Now; you want all the ways you can choose $(1 \text{ category from } 5) + (2 \text{ category from } 5) + \dots + (5 \text{ category from } 5)$ i.e. $\binom{5}{1}+\binom{5}{2}+\binom{5}{3}+\binom{5}{4}+\binom{5}{5}=2^5-1=31$ Note that this follows from the fact that $(1+1)^n=\binom{n}{0}+\binom{n}{1}+\cdots+\binom{n}{n-1}+\binom{n}{n}=2^n$ Subtracting $\binom{n}{0}$ from both sides gives us $\binom{n}{1}+\cdots+\binom{n}{n-1}+\binom{n}{n}=2^n-\binom{n}{0}$ But since $\binom{n}{0}=1,\forall n\in\mathbb{N}$ we have that $\binom{n}{1}+\cdots+\binom{n}{n-1}+\binom{n}{n}=2^n-1$ When $n=5$ we thus get the above answer.

Addendum: To address your concern that there seems to be more than $31$ combinations, here is a list of all the possibilities: $\begin{array}{|c|c|c|c|c|c|c|} & 1 \text{ category} & 2 \text{ categories} & 3 \text{ categories} & 4 \text{ categories} & 5 \text{ categories} & \text{Sum}\\ \hline & A & AB & ABC & ABCD & ABCDE\\ \hline & B & AC & ABD & ABCE \\ \hline & C & AD & ABE & ABDE \\ \hline & D & AE & ACD & ACDE \\ \hline & E & BC & ACE & BCDE \\ \hline & & BD & ADE \\ \hline & & BE & BCD \\ \hline & & CD & BCE \\ \hline & & CE & BDE \\ \hline & & DE & CDE \\ \hline \text{Total} & 5 & 10 & 10 & 5 & 1 & 31 \\ \hline \end{array}$

  • 0
    I just want to make sure I am understanding this correctly (I too am fuzzy and trying to recall) if I want to know what all the combinations of days in the week are then I would just do: 2^7 - 1 = 127? I keep getting terribly confused as to when I should use factorials, correct me if I am wrong but 7! would be used to find the permutations, not the combinations?2018-08-16
10

There are $\binom{5}{1}$ combinations with 1 item, $\binom{5}{2}$ combinations with $2$ items,...
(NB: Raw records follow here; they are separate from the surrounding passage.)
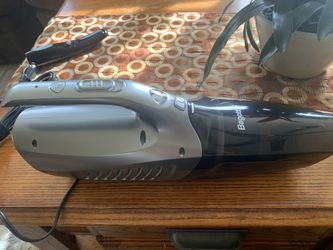 Car vacuum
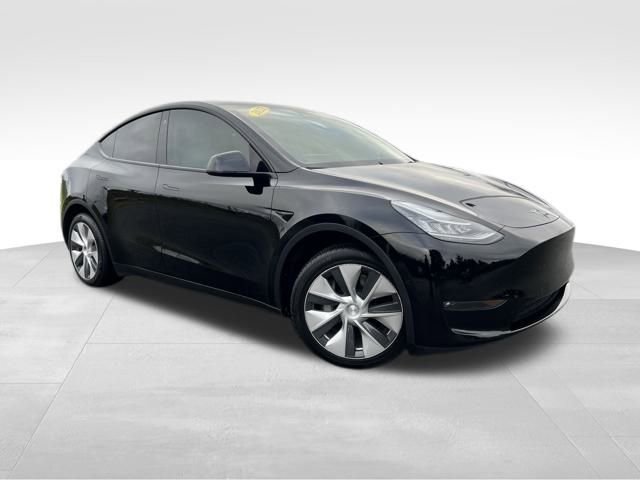 2022 Tesla Model Y Long Range's photo
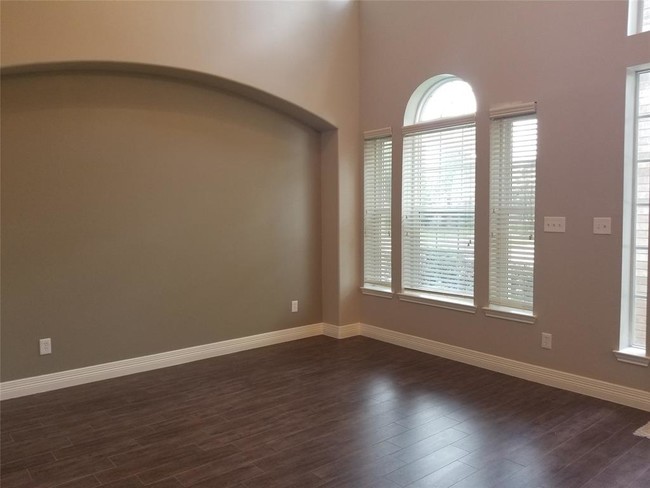 Building Photo - 6323 Sampras Ace Ct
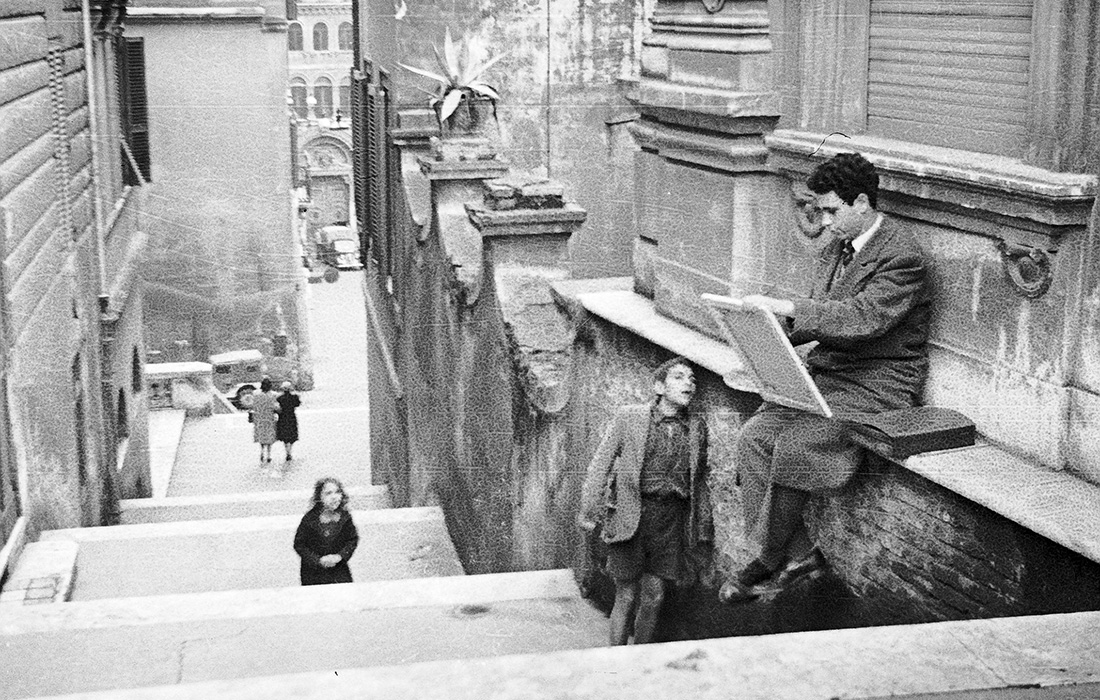 Photograph of Gian Berto Vanni drawing in the street in Rome, Italy, in the late 1940s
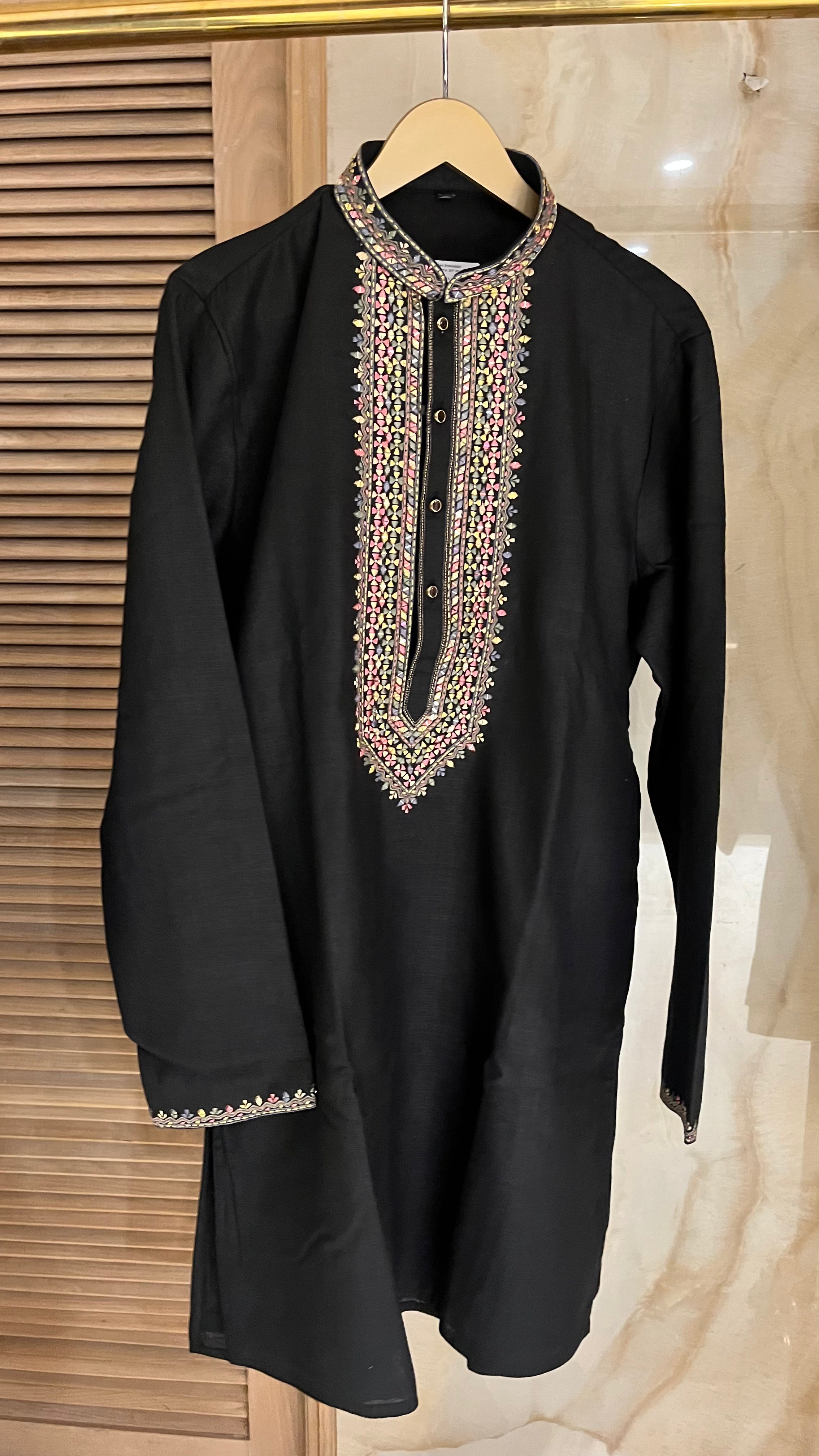 MEN'S ETHNIC KURTA PAJAMA SET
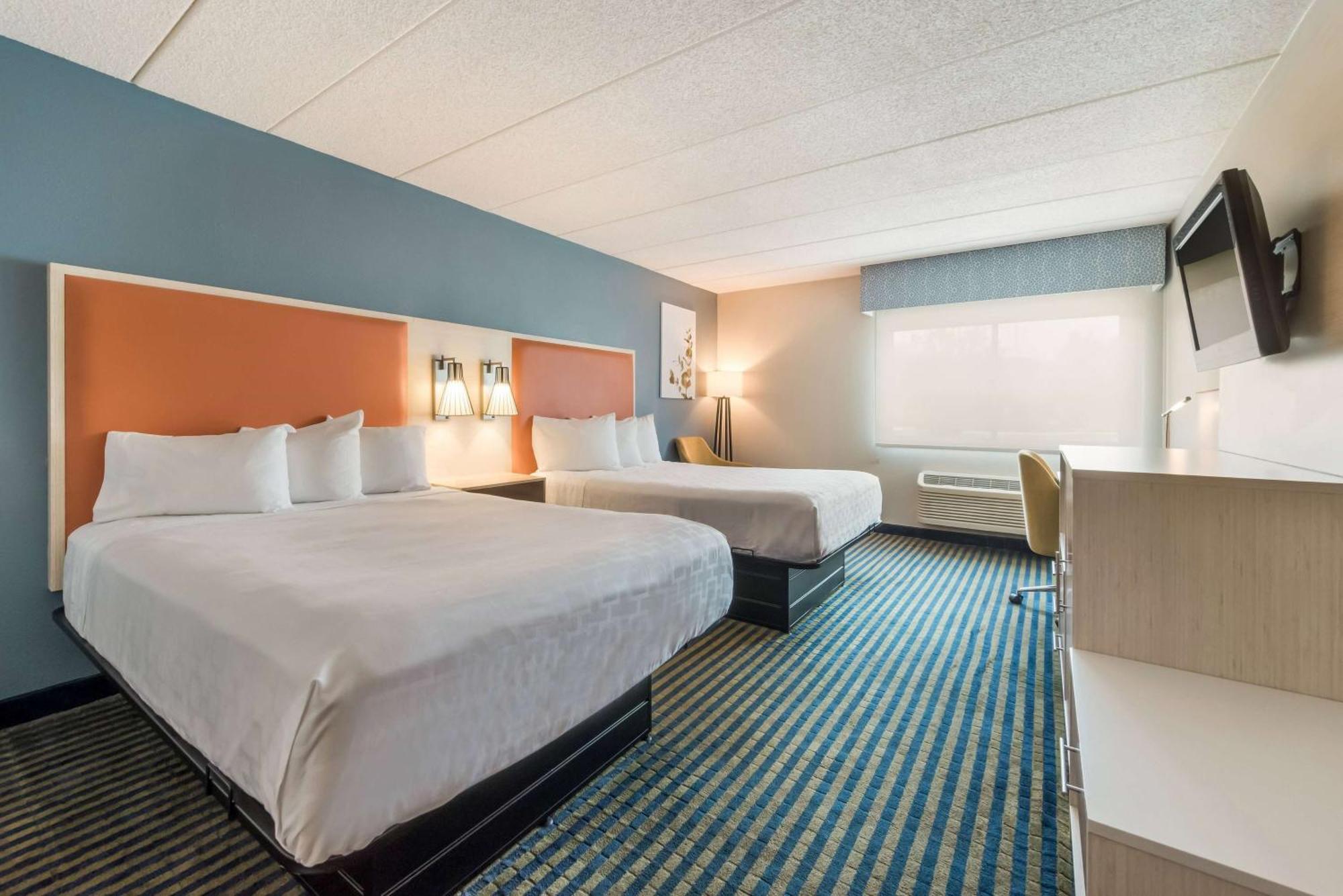 Baymont By Wyndham Westampton Hotel Exterior photo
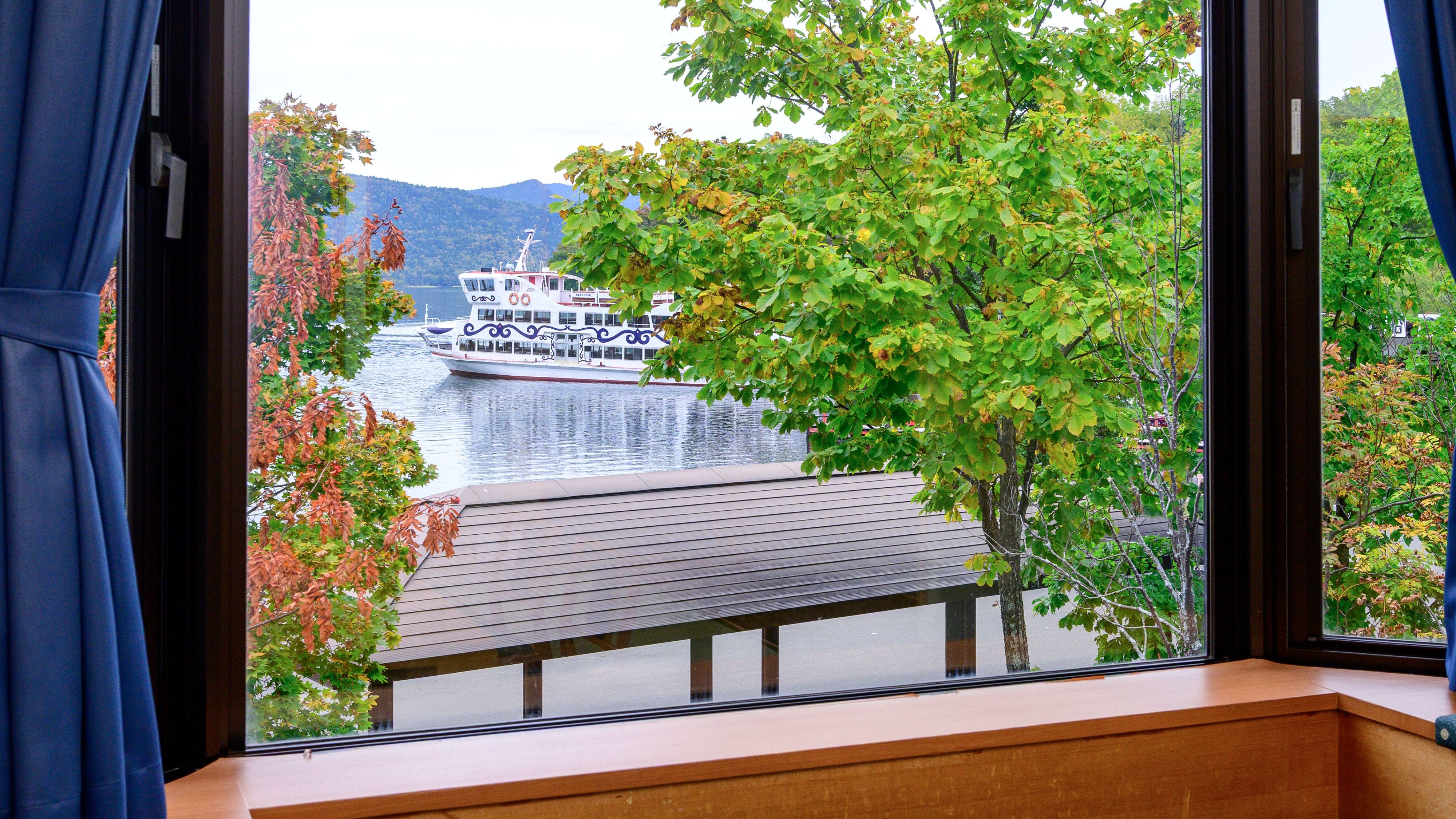 【湖側】グループ客室（最大8名様一例）／目の前には雄大な阿寒湖の景色が広がっています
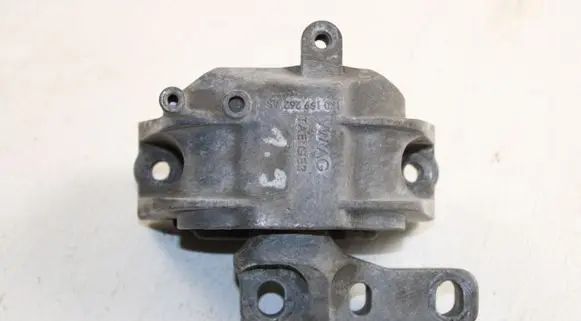Volkswagen Touran I Engine mount bracket 1K0199262AS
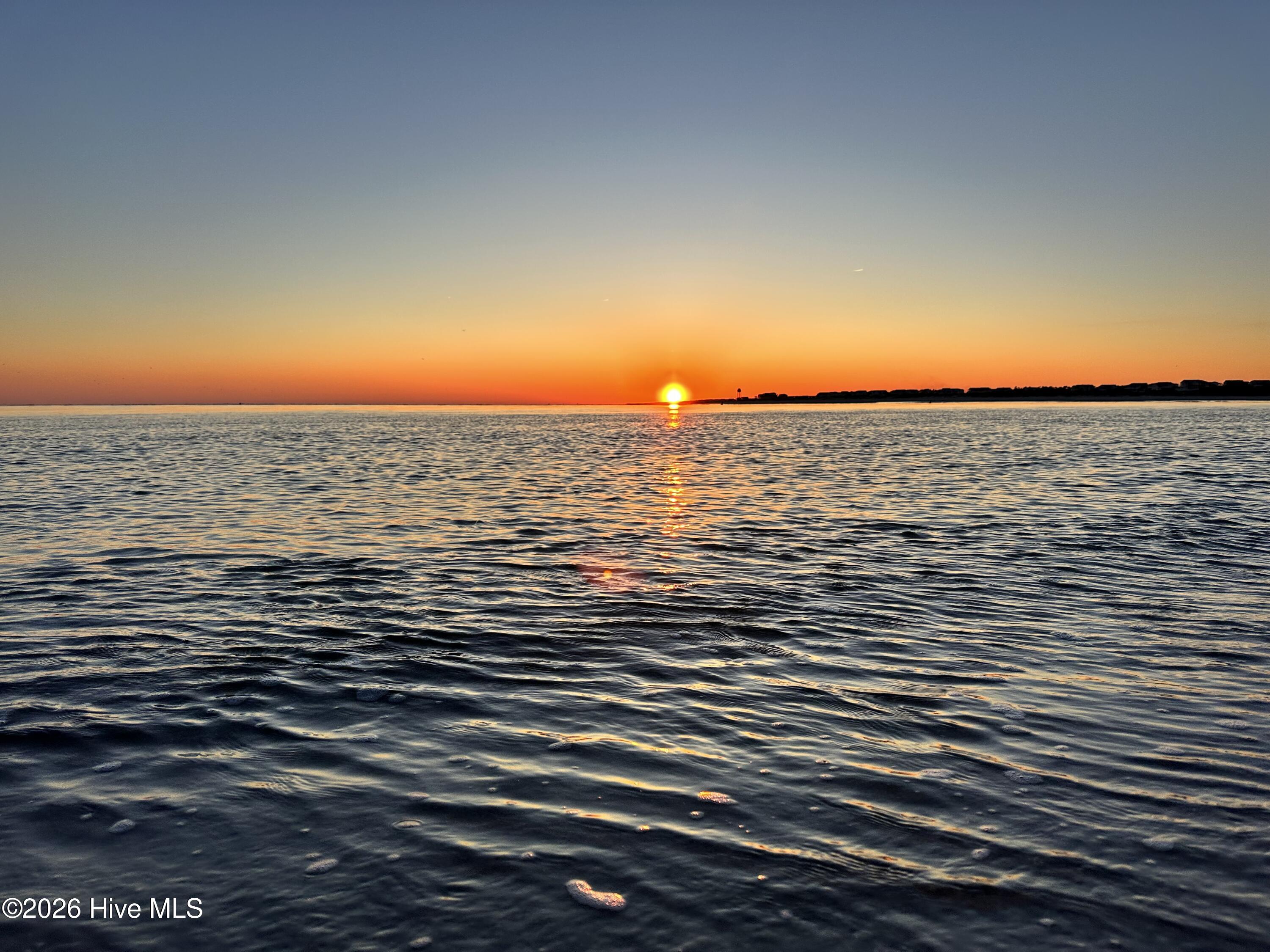 100562646 | Photo 45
So, you want : $\binom{5}{1}+\cdots+\binom{5}{5}=\left(\binom{5}{0}+\cdots+\binom{5}{5}\right)-1=2^5-1=31$

I used that $\sum_{k=0}^n\binom{n}{k}=(1+1)^n=2^n$

  • 1
    And I think that this formula is intuitive : chosing the$k$items we take, it's the same thing as choosing the n-k items we left.2012-06-22
9

Think about this from another angle. You want some number of these five categories without repetition.

Well each category is either chosen by you or not chosen by you. Each such choice bears no relationship with the other choices.

Thus there are $2^5 = 32$ possibilities. However, you are not counting the choice of none of the five categories, so we subtract $1$ to get $31$ possibilities.

  • 1
    I think this is the most intuitive way to formualate the solution, and the $2^n$ formula is more natural than when presented in @JBC's answer.2012-06-22
1

Use binary! 1, 2, 4, 8, 16 adds up to 31
The number of combinations with 6 numbers would be 63
Seven digits would be 127, etc.